От чесотки я уже почти избавился, и мне возвращают верхнюю одежду. Трижды в течение дня я собираю пустые миски, мою их, затем составляю на проволочной сетке, прикрепленной над теплой батареей. В обед я помогаю двум другим уборщикам разносить похлебку. За нами обычно следит блоковой.

Так как в бараке ежедневно умирают дистрофики, у нас всегда есть небольшой излишек похлебки. Его делят между собой блоковой, писарь, врач и парикмахер-испанец. Блокперсонал здесь питается отдельно от больных, и я вначале не понимаю причин такой жадности. Вскоре, однако, я вижу, что блоковой отдает свою долю старичку-санитару, парикмахер-испанец через уборщиков выменивает колбасу у больных (миска брюквы кажется все-таки сытнее), а писарь и врач украдкой кое-кого подкармливают.

Я, как и остальные уборщики, получаю в обед рабочую порцию — три четверти литра, больным полагается только пол-литра. Я не наедаюсь, я по-прежнему постоянно голоден, но меня мучает совесть, что я ем побольше, чем мой старый товарищ Лешка Толкачев, лежащий на койке: в зондерблоке мы делили пополам каждую лишнюю кроху еды.

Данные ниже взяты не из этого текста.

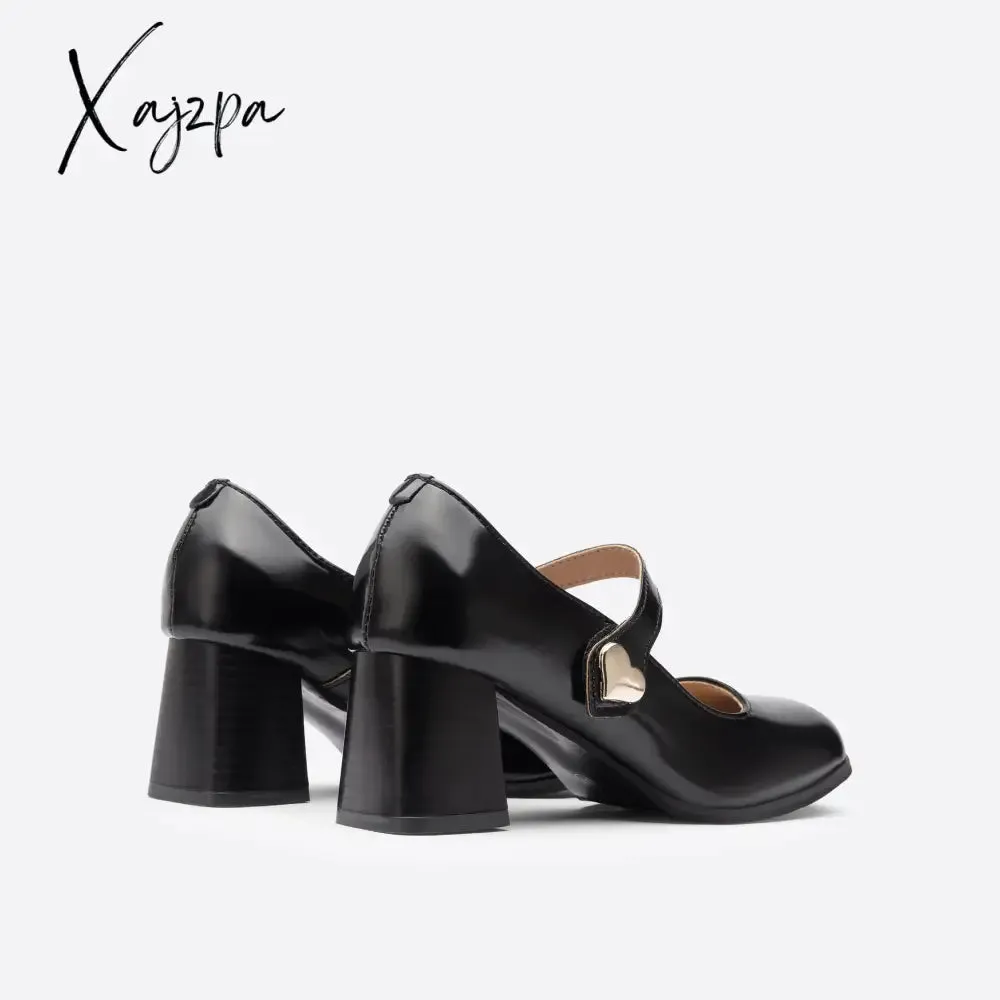 Xajzpa - Women Buckle Decor Chunky Heeled Mary Janes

Однажды после обеда в судомойку заходит писарь и велит мне отнести миску супа французскому инженеру, с которым прежде я вместе лежал.

— Вы разве знакомы с ним? — спрашиваю я. Писарь хмуро сдвигает брови.

— Привыкай не задавать глупых вопросов. — Он, как и большинство поляков старшего возраста, сносно говорит по-русски. — Иди скоро.

Дня два спустя он дает мне новое поручение: я отношу похлебку политзаключенному немцу, прибывшему из Бухенвальда.

В третий раз, доставив миску брюквы одному незнакомому мне русскому, я осмеливаюсь поговорить с писарем насчет Толкачева.

— Это мой коллега, — говорю я. — Нельзя ли немного помочь ему?

— Какой нумер? — мрачновато справляется писарь.

Я колеблюсь, но все же называю номер Толкачева. Писарь уходит в свою комнатушку и через несколько минут возвращается.

— Завтра достанешь зупа для своего друга.

То есть завтра я получу миску супа для Толкачева… «Интересный человек этот писарь, — думаю я. — Кто он — коммунист?»

Теперь я каждый день по его заданию подкармливаю то одного, то другого больного. Писарь, как и раньше, не вступает со мной в объяснения: просто сунет миску, пробурчит, кому отнести, и все. Я, в свою очередь, стараюсь не задавать ему «глупых» вопросов.

Раз он будит меня, когда в бараке еще темно. Я быстро одеваюсь и иду за ним в судомойку.

— Вот тебе сигарета, выведи привратника с блока и покурите там, потребно минут пять задержать его. Сможешь?

— Смогу, наверное.

— Минут пять-шесть.

Писарь слегка волнуется, его негромкий голос подрагивает, и я, сам не зная отчего, тоже начинаю волноваться.

— Хорошо, — говорю я.

— Огонь есть?.. Вот маешь запальничка. — Он дает мне зажигалку. — Але минут пять-шешчь…

— Хорошо, хорошо.

Привратник, беззубый немец-уголовник, дремлет на табурете у двери. Над ней мерцает маленькая электрическая лампочка-ночник. Когда я подхожу, немец полуоткрывает один глаз, потом второй, затем настороженно выпрямляет туловище, обтянутое теплой вязаной курткой.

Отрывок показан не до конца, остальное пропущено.